Professional photographers Daniel and Rachel of Mango Street have published a helpful video that covers the 8 most common mistakes that they see beginner photographers make. In other words: these are the 8 reasons why your photos suck, and how to fix them.
This isn’t the first (and it won’t be the last) advice video for beginners that we’ve seen and shared, but there’s good reason to revisit some of these points over and over again. Not only because there are always fresh faces discovering their passion for photography, but because even experienced photographers can lose sight of the basics from time to time.
And it’s the basics that Daniel and Rachel cover in this video: from planning your shoots, to prioritizing lighting, to editing your photos in a “timeless” way that doesn’t follow short-lived Photoshop trends.
In short, the 8 reasons discussed in the video are:
- You Don’t Plan Your Shoots – Take the time to plan out what you’re trying to capture and how you’re going to do it. There is no substitute for good planning.

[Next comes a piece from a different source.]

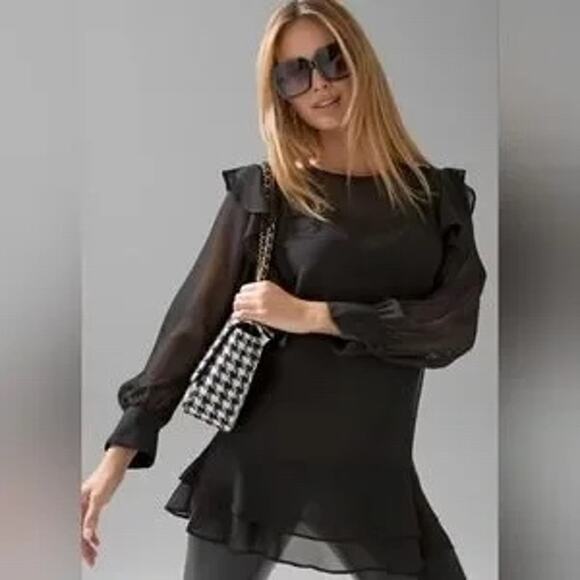 White House Black Market Sheer Lace Applique Ruffle Witchy Tunic Top SZ 4 - Picture 1 of 11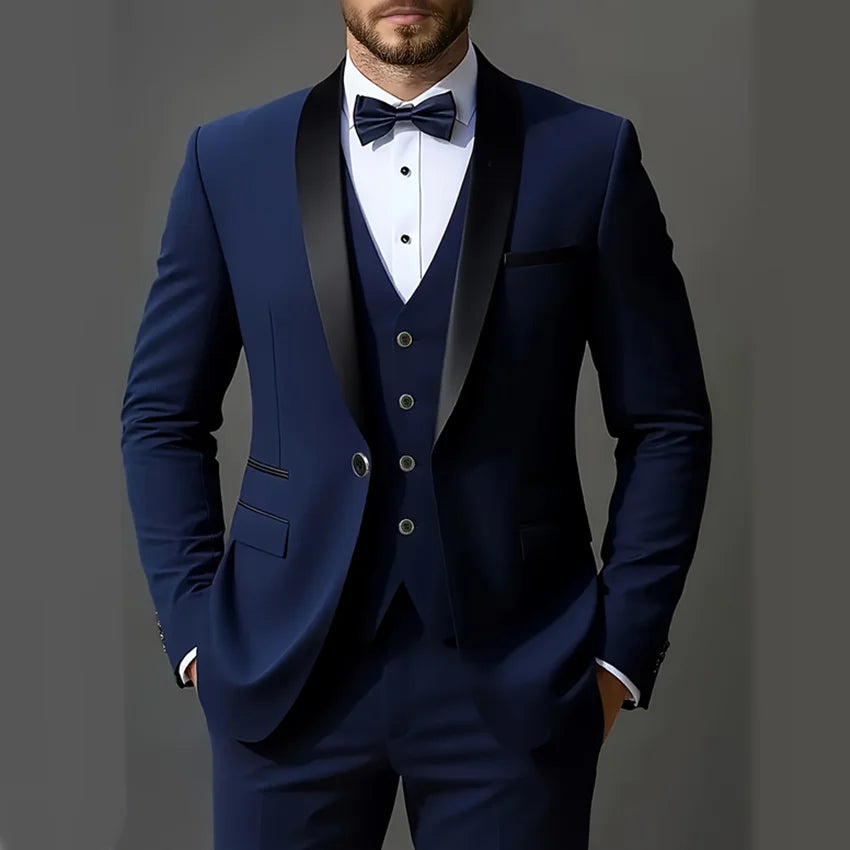 Men's 3pcs Suit Set, Jacket + Vest + Pants,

- You Follow Trends Too Closely – It’s fine to imitate photographers who inspire you, but try to draw inspiration from multiple sources and add your unique perspective to each shoot.
- Your White Balance is Wrong – It might seem basic, but issues with white balance are one of the most common mistakes Daniel and Rachel see online.
- You Don’t Prioritize Lighting – Lighting is “hands down the most important element” in your photography. Don’t forget that.
- Your Photos Don’t ‘Say’ Anything – Great photographers capture photos with a message or story embedded in that frame. Find a subject you’re passionate about, and photograph that.
- Your Composition is Boring – Good composition “leads” the viewer’s eye to the focal point of the image. Bad composition lacks structure, confusing the viewer.
- Your Subject Doesn’t Stand Out – Think about how your angle, focal length, aperture, and composition will affect your subject and their relationship to the background.
- Your Photos are Under (or Over) Edited – Try to edit your photos using “timeless” techniques. Strong HDR, crushed blacks, and other photo editing trends will immediately “date” your photos to when those trends were popular. On the flip side, if you shoot RAW, leaving your photos unedited simply isn’t a good idea.